Mit dem Artikel „Rückstellungsvereinbarungen in der Filmbranche“ stellte Unser Gastautor, Dr. Martin Gerecke, die rechtliche Situation von Rückstellungsverträgen dar und stellte fest, dass „die Rückstellung von Gagen in der Filmbranche ein gängiges Vergütungsmodell darstellen, bei dem Mitwirkende wie Darsteller oder Regisseure auf Teile ihrer garantierten Vergütung für einen gewissen Zeitraum verzichten, um so die Produktion in finanzieller Hinsicht zu entlasten. Der Erhalt der vollständigen Gage ist hierbei aufschiebend bedingt; die zwischen Filmschaffenden und Produzenten geschlossene Rückstellungsvereinbarung führt dazu, dass der Urheber oder der ausübende Künstler erst dann den Anspruch auf Teile seiner Festvergütung geltend machen kann, wenn gewisse Ereignisse oder Bedingungen eintreten, z. B. eine bestimmte Profitabilität der Produktion erreicht ist (in der Regel indiziert durch die Höhe der durch die Auswertung erzielten, realen Produzentennettoerlöse).“
Als Steuerberater stellt sich mir da die Frage, wie dieser Sachverhalt sozialversicherungs- und steuerrechtlich beurteilt wird.
1. Sozialversicherungsrecht
a) Produktionsseite
Eine Anfrage bei der Abteilung „Grundsatz“ der Deutschen Rentenversicherung führt zu folgendem ernüchternden Ergebnis: „Wird laufendes Arbeitsentgelt, auf das der Arbeitnehmer aufgrund von Arbeitsleistung einen Anspruch hat, aus welchen Gründen auch immer, nicht oder nur teilweise gezahlt, hat dies keine Bedeutung für die Beiträge zur Sozialversicherung. Diese sind dennoch zu zahlen. Selbst wenn nach Jahren entschieden wird, dass das Arbeitsentgelt überhaupt nicht nachgezahlt wird, verbleibt es bei den Beiträgen. Im Sozialversicherungsrecht gilt der anerkannte Grundsatz, dass Versicherungsverhältnisse stets vorausschauend zu beurteilen sind und nachträglich nicht verändert werden dürfen. Die versicherungs- und beitragsrechtliche Beurteilung für die Vergangenheit kann insoweit rückwirkend nicht korrigiert werden.“
Beispiel:
Eine Filmproduktionsgesellschaft schließt mit dem Filmstab und den Schauspielern Rückstellungsverträge ab. Es wird vereinbart, dass die Gage gezahlt wird, soweit sich ein bestimmter Erfolg der Produktion einstellt. In den Rückstellungsverträgen ist die Gage mit einem Maximalbetrag festgelegt.
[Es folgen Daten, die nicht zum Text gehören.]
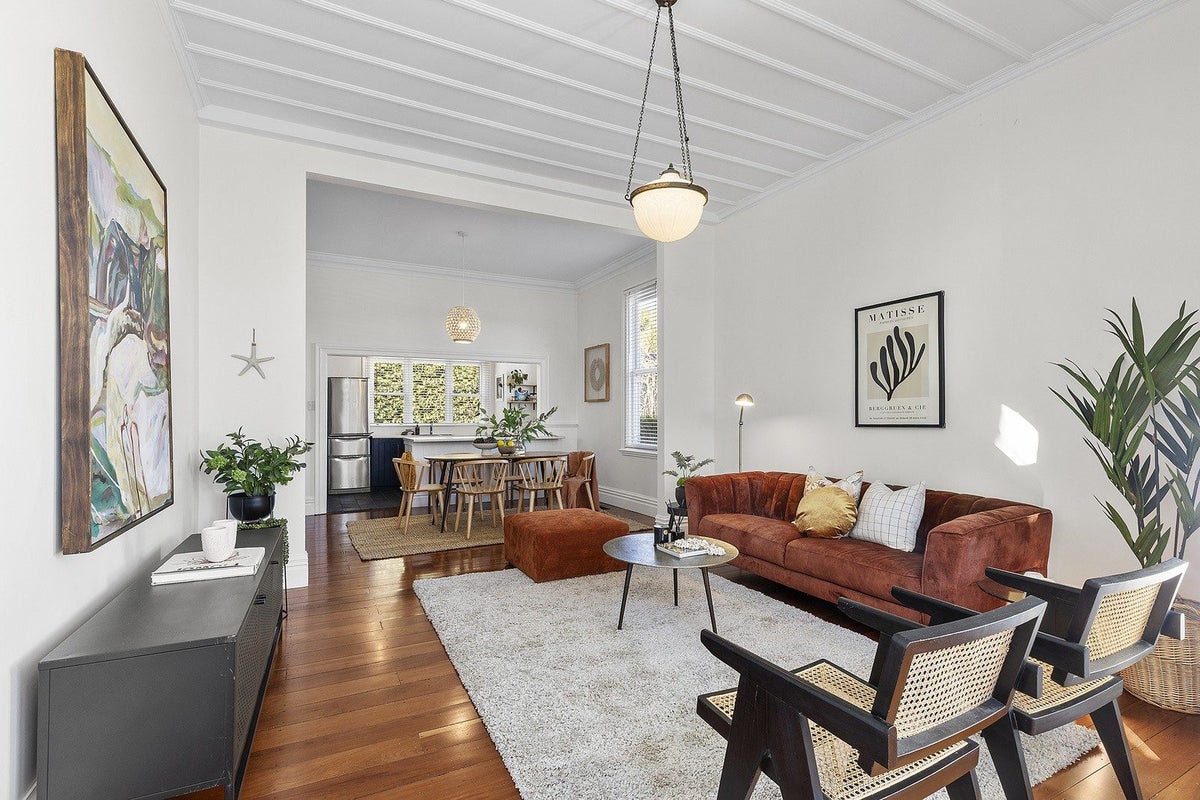 11 Nevay Road, Miramar, Wellington, Wellington - Carousel 2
Wirft die Produktion nicht genug ab, um den Filmstab vollständig zu bezahlen, soll prozentual ausgeschüttet werden.
Aufgrund des im Sozialversicherungsrecht geltenden Entstehungsprinzips wird zu dem Zeitpunkt, zu dem ein Anspruch auf Arbeitsentgelt entstanden ist (der Monat, in dem gedreht wurde), die Sozialversicherung auf den Maximalbetrag fällig. Die Beiträge sind von der Produktion anzumelden und abzuführen. Ob das in der Praxis tatsächlich so gehandhabt wird, kann in dem einen oder anderen Fall zumindest bezweifelt werden. Allerdings ist hier Vorsicht geboten! Denn der Arbeitgeber haftet nicht nur für die richtige Berechnung, sondern auch für die Abführung der Beiträge zur Sozialversicherung (§ 28e SGB IV). Ein Verstoß kann unter Umständen zu strafrechtlichen Sanktionen gegen den Arbeitgeber führen.
Einfach gesagt: Die Beiträge zur Sozialversicherung müssen immer zum Zeitpunkt der geleisteten Arbeit abgeführt werden – auch für rückgestellte Gagen!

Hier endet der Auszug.